Pierre Claver Nahimana a ainsi appelé la population burundaise à garder en mémoire l’héritage du président Melchior Ndadaye qui était un grand partisan de la paix et la sécurité, le travail, le partage et l’entraide mutuelle tout en l’invitant à faire pareil. Pour M. Nahimana, la mort de Ndadaye ne sera pas vaine si l’on s’identifie à lui en décourageant toute sorte de violence, en prônant la réconciliation nationale et en mettant en avant les valeurs qu’ils proposaient à la nation burundaise.

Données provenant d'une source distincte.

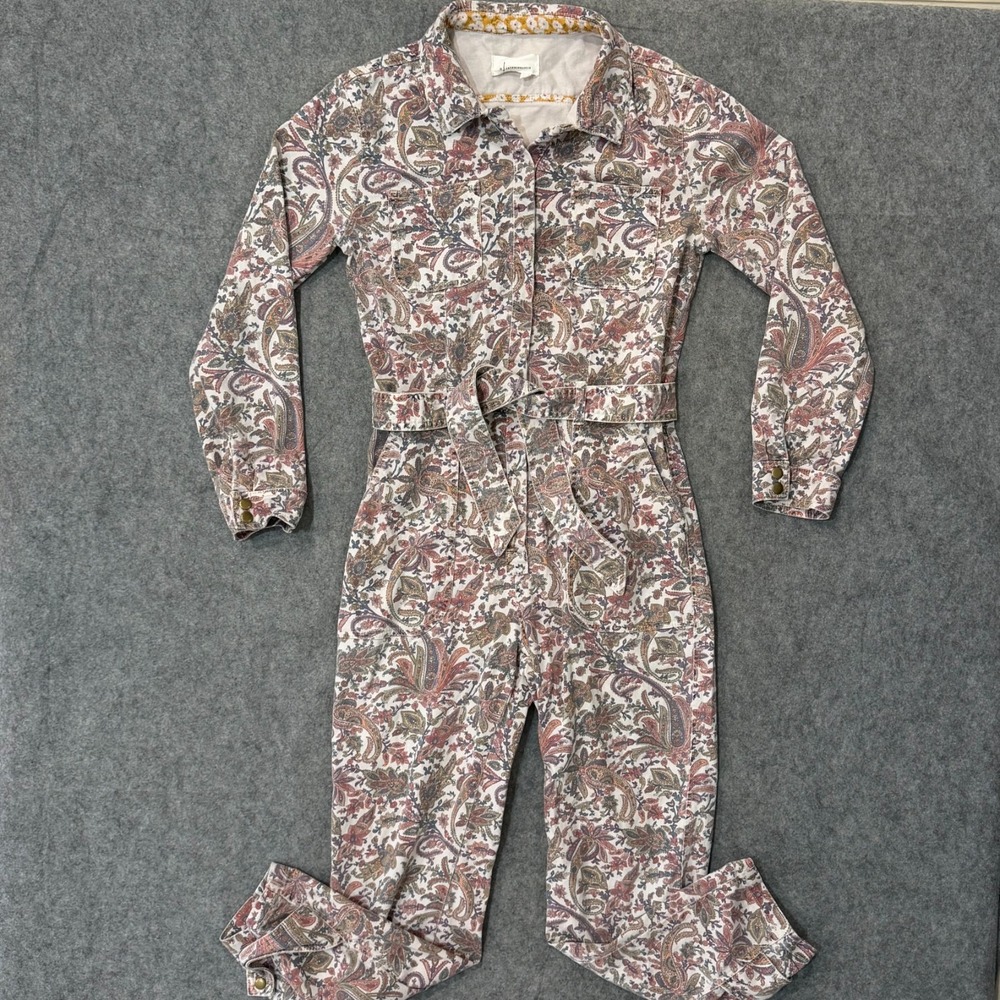 by Anthropologie Multicolored Paisley Long Sleeve Utility Jumpsuit Women's XS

Se comporter en bon berger pour le peuple
Sylvestre Ntibantunganya, compagnon de lutte du président Melchior Ndadaye a quant à lui indiqué que le combat de Ndadaye n’a pas été vain bien qu’il y ait encore du pain sur la planche. Selon lui, la démocratie est une valeur qui est en perpétuelle amélioration d’où personne ne peut dire qu’il l’a totalement atteinte et il s’agit d’une valeur pour laquelle on ne peut cesser de s’engager. Il faut seulement savoir se lancer, savoir s’évaluer et savoir prendre à chaque moment les mesures qui s’imposent pour l’améliorer.

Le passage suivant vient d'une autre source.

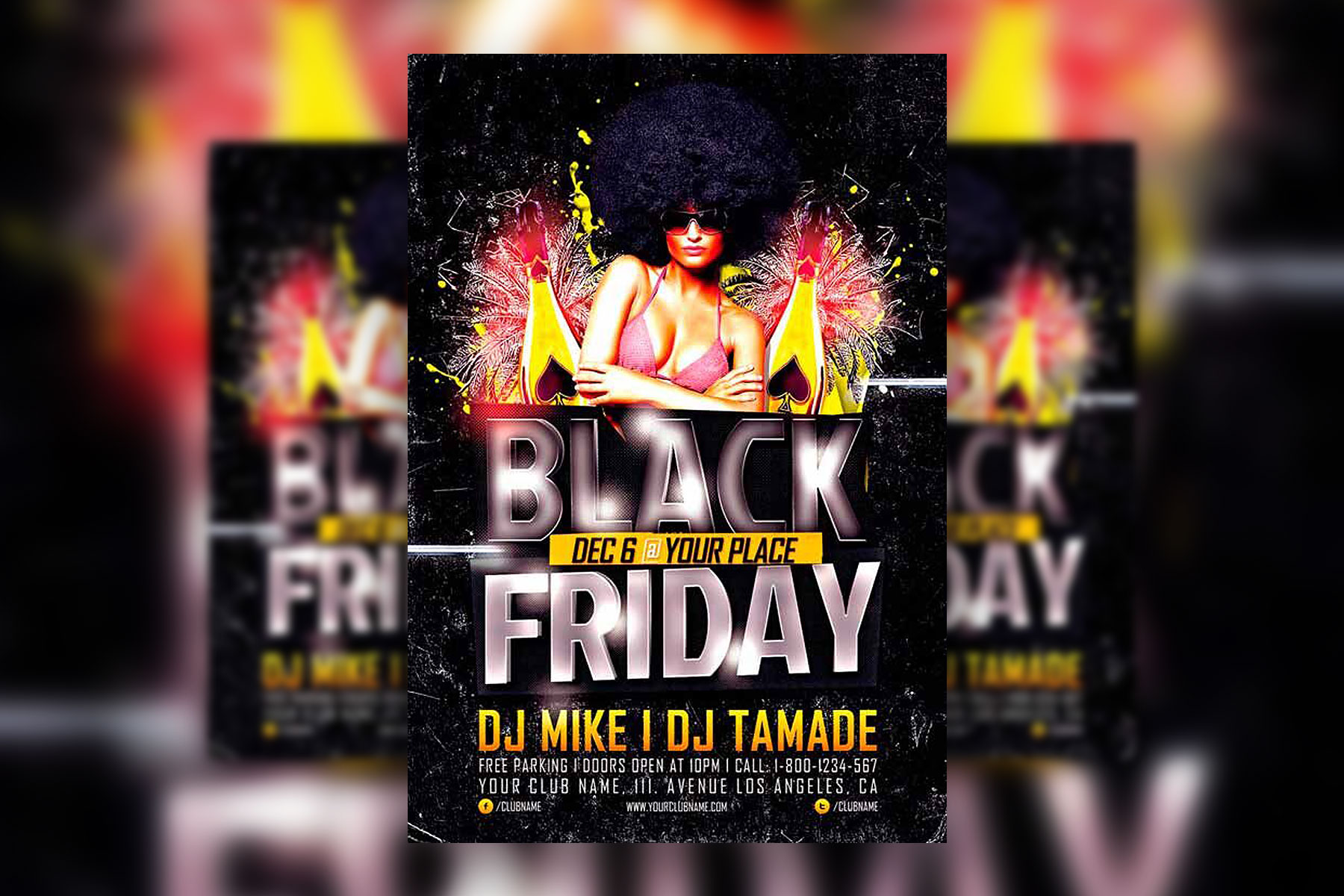 Modern Black Friday Party Flyer Template FREE PSD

Pour M. Ntibantunganya, les principes fondamentaux d’accepter que le Burundi soit dirigé démocratiquement sont connus et acceptés par la grande majorité des Burundais. Cela étant, personne ne s’oppose au multipartisme au Burundi, à la liberté et la multiplicité des medias et à l’épanouissement de la société civile. Il reste de savoir comment on le fait et c’est a partir de là que les améliorations doivent avoir lieu. M. Ntibantunganya estime que la démocratie que Melchior Ndadaye prônait a été atteinte mais qu’il reste de savoir comment s’organiser en tant que nation et vivre cette démocratie de manière à aller dans un sens beaucoup plus dynamique.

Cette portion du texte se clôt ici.